Sen. Bernie Sanders is promoting misinformation again. As Hurricane Ida ravaged Louisiana, the socialist used the natural disaster to push his political agenda.
The Vermont octogenarian likely knows less about climate science than economics, but never wasting a crisis to advance radical policies remains his ultimate goal. And his claims are false.
The destruction from Hurricane Ida is devastating. Our thoughts are with those in danger and with first responders saving lives. But let's be clear. If we do not act boldly to combat climate change, what we see today will become the norm as the planet becomes more uninhabitable.
— Bernie Sanders (@SenSanders) August 30, 2021
Three months into so-called hurricane season, Ida is first hurricane to hit the United States.
According to projections from the National Oceanic and Atmospheric Administration, changes in climate will actually decrease the number of hurricanes by 25%, while potentially increasing some in intensity.
Even the Intergovernmental Panel on Climate Change — hardly a right-wing entity — reports the amount of category 4 and 5 hurricanes could increase by 2100, but the number of hurricanes overall will go down.
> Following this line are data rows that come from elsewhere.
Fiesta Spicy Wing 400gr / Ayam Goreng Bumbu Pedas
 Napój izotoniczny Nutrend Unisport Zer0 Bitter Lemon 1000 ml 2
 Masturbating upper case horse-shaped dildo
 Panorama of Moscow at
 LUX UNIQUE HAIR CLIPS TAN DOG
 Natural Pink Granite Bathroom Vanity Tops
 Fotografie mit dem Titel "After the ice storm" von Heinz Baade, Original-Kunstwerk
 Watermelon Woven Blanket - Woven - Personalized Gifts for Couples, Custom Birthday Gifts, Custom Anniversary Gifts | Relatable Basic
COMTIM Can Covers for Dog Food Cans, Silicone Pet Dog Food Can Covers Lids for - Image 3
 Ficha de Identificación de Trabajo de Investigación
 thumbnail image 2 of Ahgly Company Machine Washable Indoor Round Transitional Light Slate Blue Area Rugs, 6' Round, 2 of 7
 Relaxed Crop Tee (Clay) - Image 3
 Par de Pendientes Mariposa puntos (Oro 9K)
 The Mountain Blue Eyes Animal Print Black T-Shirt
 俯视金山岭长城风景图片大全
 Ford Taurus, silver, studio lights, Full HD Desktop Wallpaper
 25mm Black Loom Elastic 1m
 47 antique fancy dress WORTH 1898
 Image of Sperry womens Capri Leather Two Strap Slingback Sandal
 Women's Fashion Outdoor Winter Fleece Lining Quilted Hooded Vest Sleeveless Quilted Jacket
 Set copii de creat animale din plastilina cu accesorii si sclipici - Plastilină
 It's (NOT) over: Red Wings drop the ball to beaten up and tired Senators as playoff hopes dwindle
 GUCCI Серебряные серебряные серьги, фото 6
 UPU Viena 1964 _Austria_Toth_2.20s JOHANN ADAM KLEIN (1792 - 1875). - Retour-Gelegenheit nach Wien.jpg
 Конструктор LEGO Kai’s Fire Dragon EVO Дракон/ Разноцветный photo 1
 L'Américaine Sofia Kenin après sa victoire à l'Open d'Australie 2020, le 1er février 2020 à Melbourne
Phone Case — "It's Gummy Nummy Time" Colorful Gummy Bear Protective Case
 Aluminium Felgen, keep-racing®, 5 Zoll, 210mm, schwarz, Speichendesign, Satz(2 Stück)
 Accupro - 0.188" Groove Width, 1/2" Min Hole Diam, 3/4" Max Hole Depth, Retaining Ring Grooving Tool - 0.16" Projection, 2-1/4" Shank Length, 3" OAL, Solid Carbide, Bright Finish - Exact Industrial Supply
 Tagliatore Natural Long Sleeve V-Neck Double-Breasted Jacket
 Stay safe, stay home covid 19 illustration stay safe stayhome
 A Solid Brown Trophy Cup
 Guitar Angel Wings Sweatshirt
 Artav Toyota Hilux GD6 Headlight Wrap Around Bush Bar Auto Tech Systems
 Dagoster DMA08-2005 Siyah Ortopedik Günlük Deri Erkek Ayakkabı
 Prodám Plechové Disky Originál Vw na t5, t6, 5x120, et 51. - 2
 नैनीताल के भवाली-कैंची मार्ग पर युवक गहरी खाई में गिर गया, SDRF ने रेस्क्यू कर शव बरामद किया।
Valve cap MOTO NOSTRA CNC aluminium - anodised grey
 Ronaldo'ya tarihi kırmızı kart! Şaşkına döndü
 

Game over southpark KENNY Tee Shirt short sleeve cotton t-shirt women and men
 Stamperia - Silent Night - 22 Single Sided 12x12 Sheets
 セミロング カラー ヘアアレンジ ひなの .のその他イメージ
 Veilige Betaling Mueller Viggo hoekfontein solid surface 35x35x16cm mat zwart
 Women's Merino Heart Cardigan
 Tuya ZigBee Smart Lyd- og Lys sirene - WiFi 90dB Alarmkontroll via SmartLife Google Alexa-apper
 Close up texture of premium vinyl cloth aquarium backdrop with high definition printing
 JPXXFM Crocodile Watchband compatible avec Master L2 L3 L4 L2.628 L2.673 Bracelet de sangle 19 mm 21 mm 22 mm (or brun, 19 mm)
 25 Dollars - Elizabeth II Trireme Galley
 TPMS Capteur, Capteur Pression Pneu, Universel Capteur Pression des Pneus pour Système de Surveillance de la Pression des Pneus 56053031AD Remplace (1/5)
Akin to California wildfires, or failed New Orleans levees in 2005, political decisions matter. With levees now properly maintained, Ida has produced only a couple deaths in Louisiana, compared to nearly 2,000 fatalities from Hurricane Katrina.
The aforementioned facts won’t stop misinformation and partisan agendas, though.
The Washington Post published nearly 1,500 words Monday night about “How climate change helped make Hurricane Ida one of Louisiana’s worst.”
The newspaper’s young “climate reporter” reminded her parochial readers that human beings are causing these awful hurricanes.
But the author must have missed information from the National Hurricane Center that storms today are not more common or powerful than, say, 60 years ago.
To wit, three of the five category 4 or 5 hurricanes to pound Louisiana since 1950 occurred more than six decades ago, a period where some still warned of a coming Ice Age.
Until late 2017, the U.S. went a dozen years without a Category 3 or higher hurricane making landfall, constituting the longest period in recorded history. The busiest time for major hurricanes was the 1940s, while the past decade was among the slowest.
Even President Joe Biden’s EPA reported in May that, “Since 1878, about six to seven hurricanes have formed in the North Atlantic every year. Roughly two per year make landfall in the United States. The total number of hurricanes and the number reaching the United States do not indicate a clear overall trend since 1878.”
These facts and stats should be relayed to Sanders’ office and the Post’s spin room.